Record extracts>
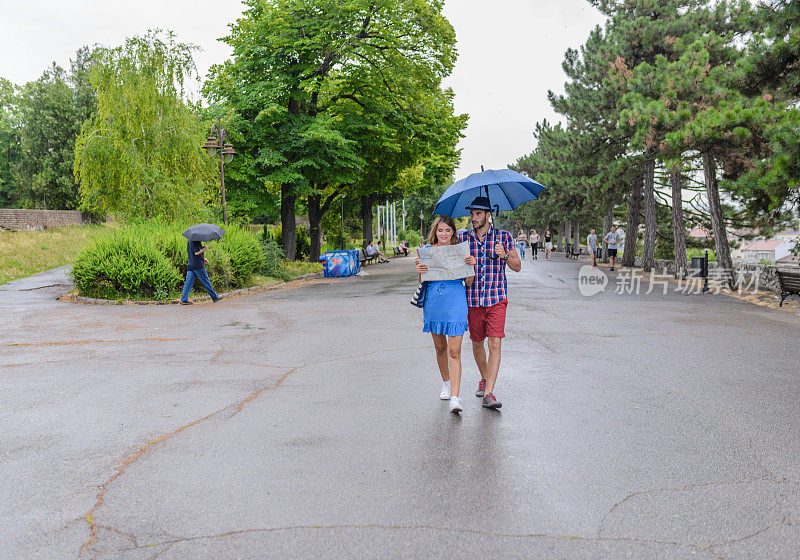 一对年轻的游客在雨天在城市里寻找乐趣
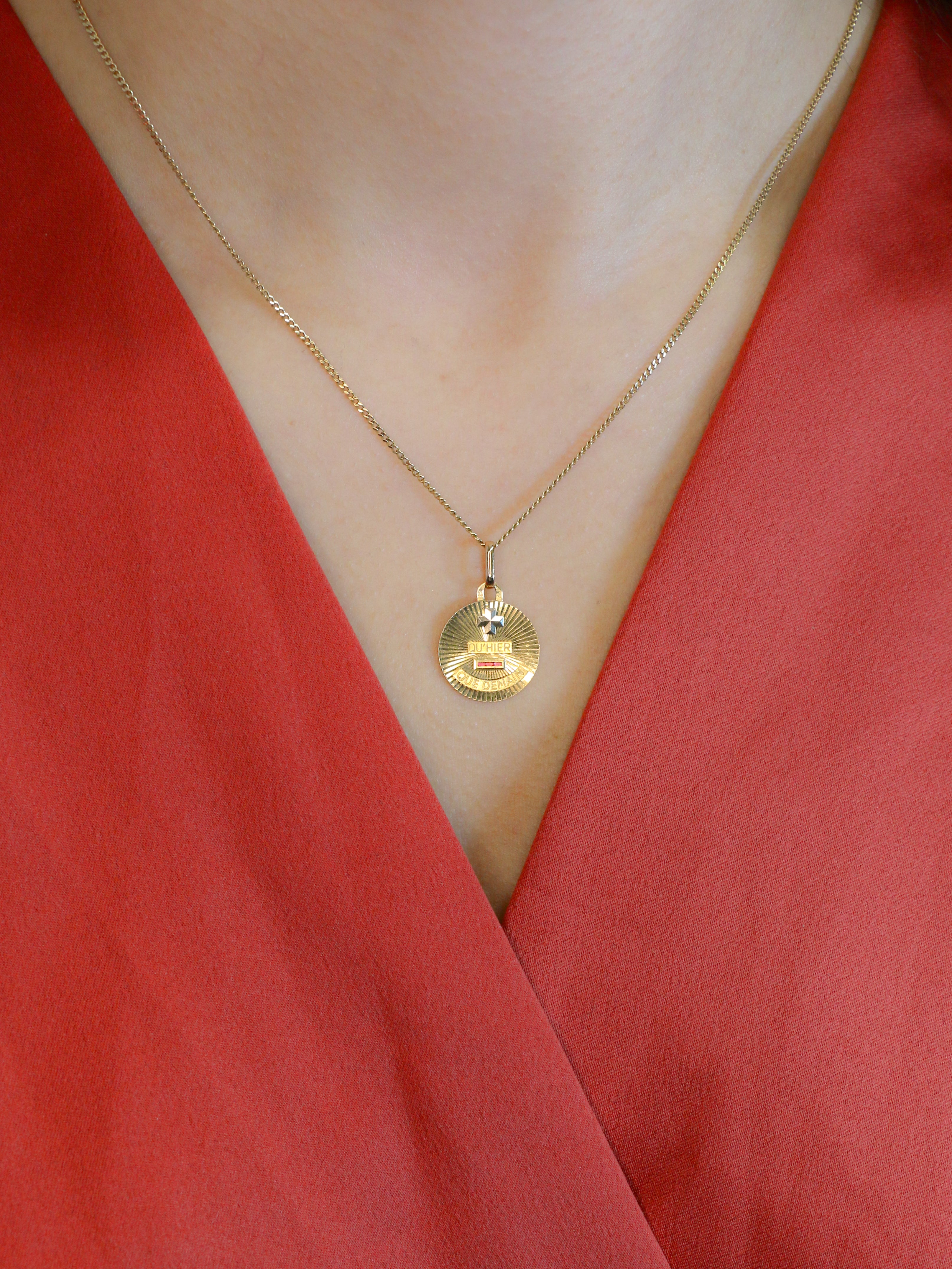 Médaille amour Augis vintage ronde rayonnante Plus hier moins demain
Médaille Amour en or jaune 18k (750°/°°) sertie de trois rubis synthétiques. La médaille est décorée d'un motif rayonnant caractéristique des productions de la Maison AUGIS des années 1970. Ce modèle n'est plus disponible à la vente aujourd'hui. La célèbre mention Plus qu’hier Moins que demain, inspirée des vers de Rosemonde Gérard Rostand, est inscrite sur la médaille. Travail français des années 1970, signé Augis. Présence du poin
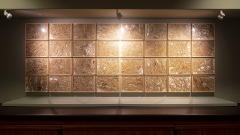 a grid of 32 framed collections of winter grasses mounted on a wall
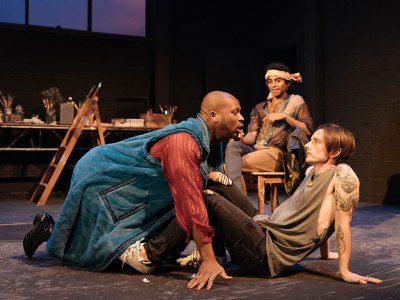 Stefan Adegbola as Poggio di Chiusi, Hiran Abeysekera as Leonardo da Vinci, and Dickie Beau as Sandro Botticelli in Botticelli in the Fire at Hampstead Theatre, London, 2019.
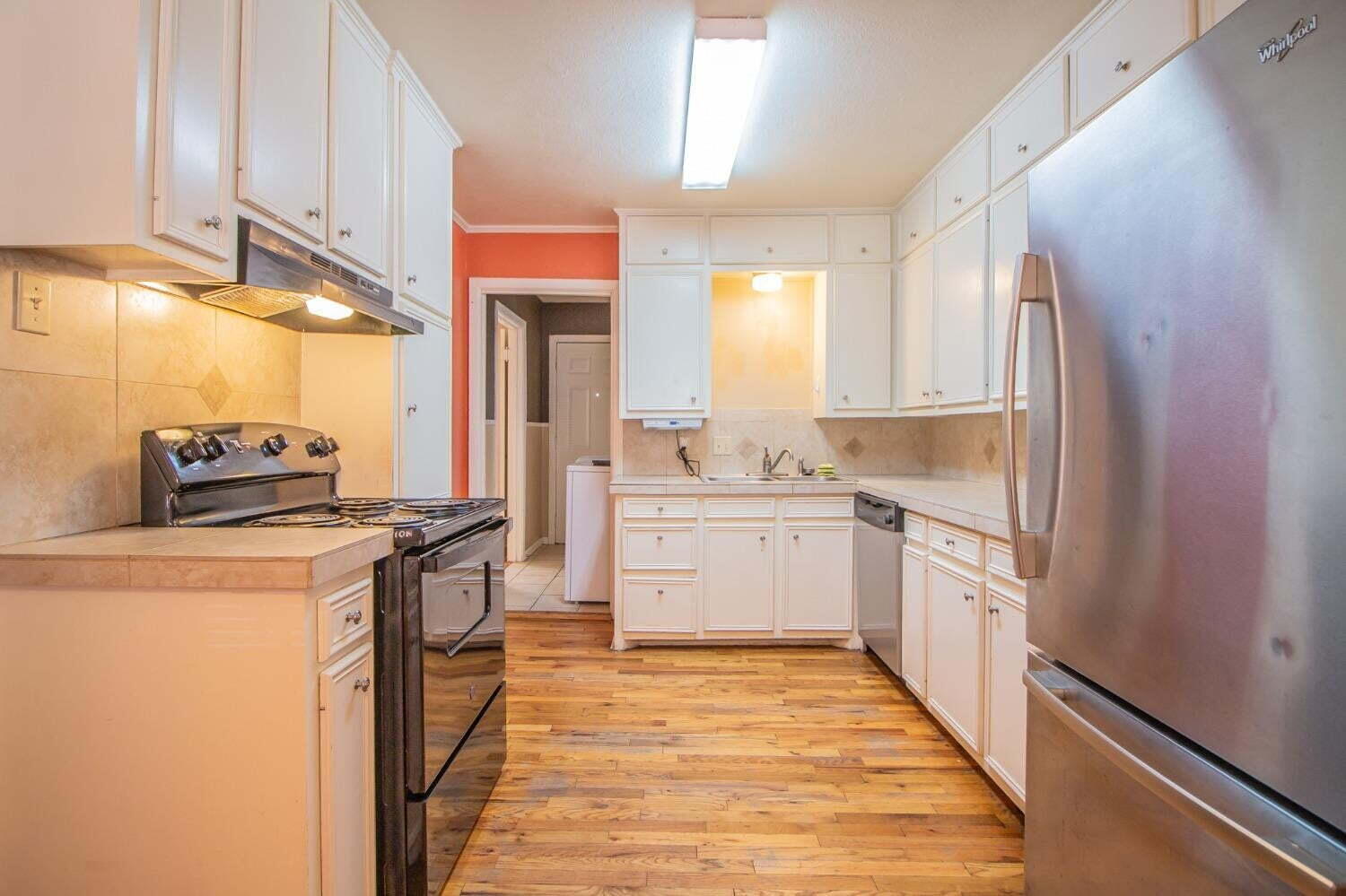 3813 35th Street Lubbock, TX 79413 - Photo 7 of 18 a kitchen with stainless steel appliances a refrigerator a sink and white cabinets
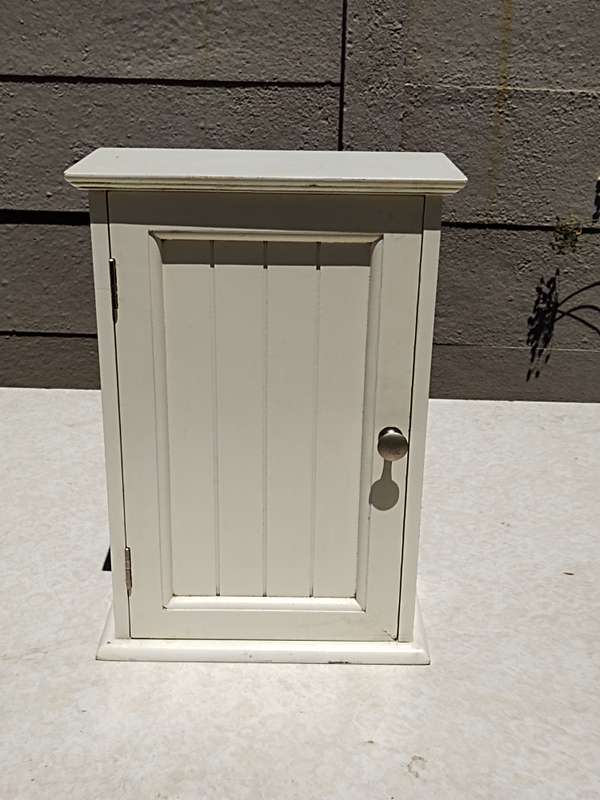 Small white bathroom cupboard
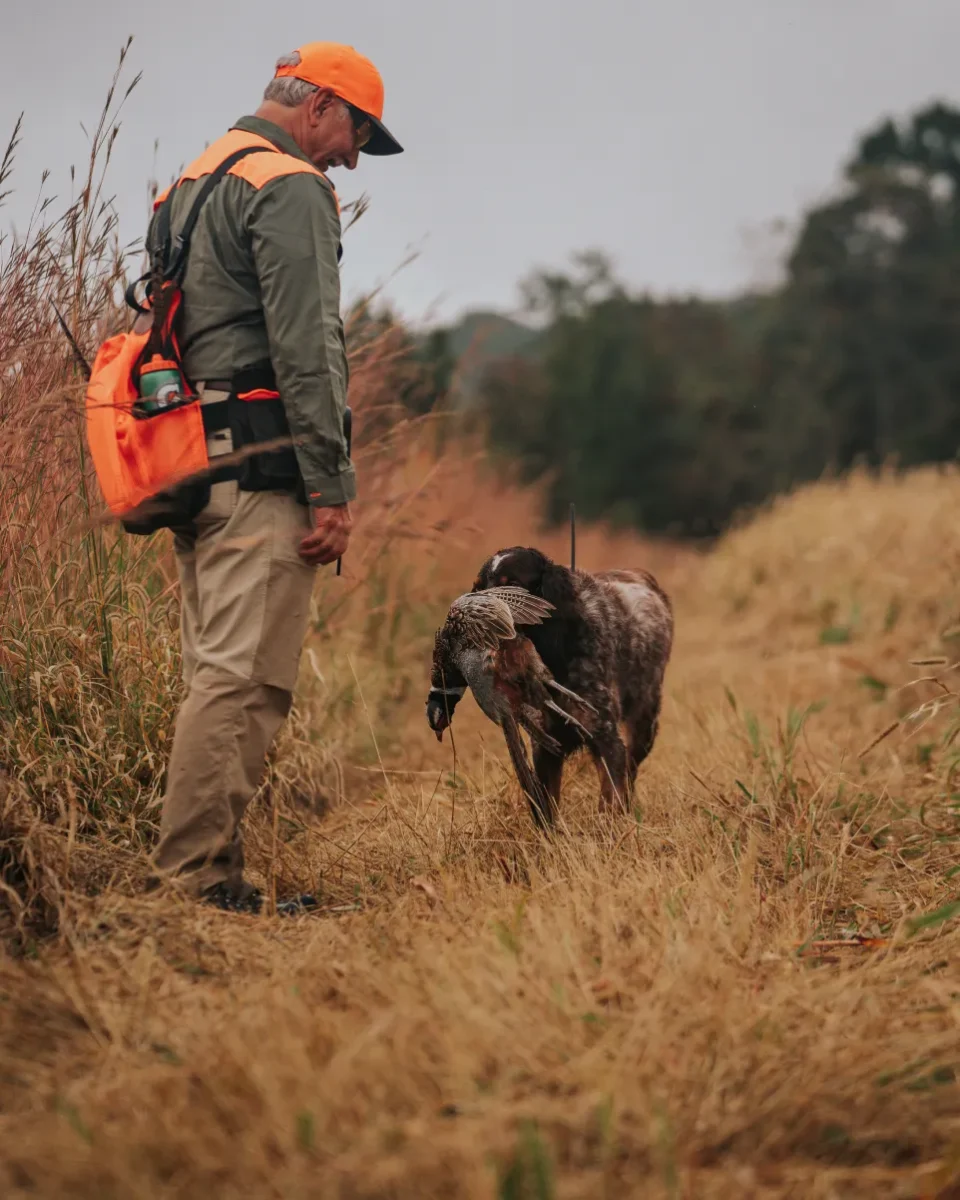 Man with hunting dog
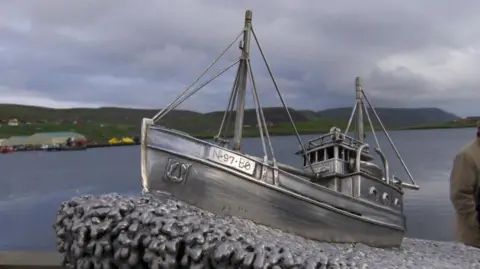 On top of the memorial to the Shetland Bus convoys is a model of one of the fishing boats used in the Shetland Bus operation.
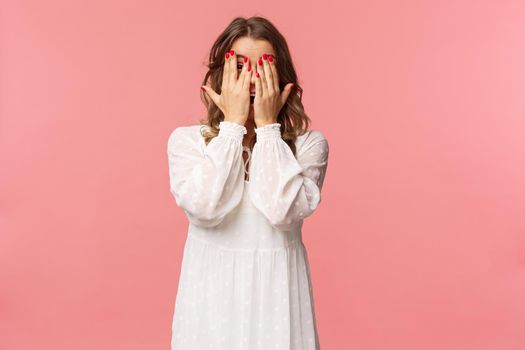 Portrait of silly cute girl with blond short hair, wear white dress, hiding face behind hands, promise to wait for signal but peeking through fingers, cant resist temptation, stand pink background.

How to complete this task> Everything in the entries above must be output again exactly, except the pictures.

Written answer>
 一对年轻的游客在雨天在城市里寻找乐趣
 Médaille amour Augis vintage ronde rayonnante Plus hier moins demain
Médaille Amour en or jaune 18k (750°/°°) sertie de trois rubis synthétiques. La médaille est décorée d'un motif rayonnant caractéristique des productions de la Maison AUGIS des années 1970. Ce modèle n'est plus disponible à la vente aujourd'hui. La célèbre mention Plus qu’hier Moins que demain, inspirée des vers de Rosemonde Gérard Rostand, est inscrite sur la médaille. Travail français des années 1970, signé Augis. Présence du poin
 a grid of 32 framed collections of winter grasses mounted on a wall
 Stefan Adegbola as Poggio di Chiusi, Hiran Abeysekera as Leonardo da Vinci, and Dickie Beau as Sandro Botticelli in Botticelli in the Fire at Hampstead Theatre, London, 2019.
 3813 35th Street Lubbock, TX 79413 - Photo 7 of 18 a kitchen with stainless steel appliances a refrigerator a sink and white cabinets
 Small white bathroom cupboard
 Man with hunting dog
 On top of the memorial to the Shetland Bus convoys is a model of one of the fishing boats used in the Shetland Bus operation.
 Portrait of silly cute girl with blond short hair, wear white dress, hiding face behind hands, promise to wait for signal but peeking through fingers, cant resist temptation, stand pink background.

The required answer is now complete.